Так закончилась наша спокойная, сытая, московская жизнь. Резко оборвали все связи. Я поступил в единственный вуз того городка, где мы оказались, и заочно в Высшую школу экономики, по ночам приходилось подрабатывать. Мама же была тоже не только сиделкой при папе, но и бралась за любую подработку: от переводов (она же в совершенстве владеет французским) до написания сочинений нерадивым школьникам. В общем, было лихо и невообразимо тяжело, а главное, страшно. Глаза отца перестали выражать эмоции, а в маминых был только страх.

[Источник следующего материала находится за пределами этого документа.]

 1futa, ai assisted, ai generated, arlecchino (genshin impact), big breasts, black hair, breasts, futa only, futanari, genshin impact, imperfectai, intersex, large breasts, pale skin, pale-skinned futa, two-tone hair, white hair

Тогда я дал себе зарок разобраться со всем происходящим, чего бы мне это ни стоило. Постепенно, словно очищая луковицу, сквозь слезы обид, мне удалось, думаю, докопаться до сути. Оказалось, что моему отцу и его компаньону – Епифанцеву удалось завладеть неким старинным манускриптом еще в лихие девяностые. Вначале они его успешно использовали как залоговый инструмент. Затем их мнения разделились. Компаньону отца больше не хотелось рисковать реликвией и при этом постоянно напряженно работать. Уже в нулевых у него родилась схема не вкладывать заемные средства в собственный бизнес, а напротив, избавиться от него, а кредитные средства не без помощи работников банка инвестировать в другие, чужие, проекты. Отец был против. Он не мог расстаться с коллективом своей кондитерской фабрики, посчитав это предательством. Тогда Епифанцев предложил разделить сферу интересов. Папа согласился.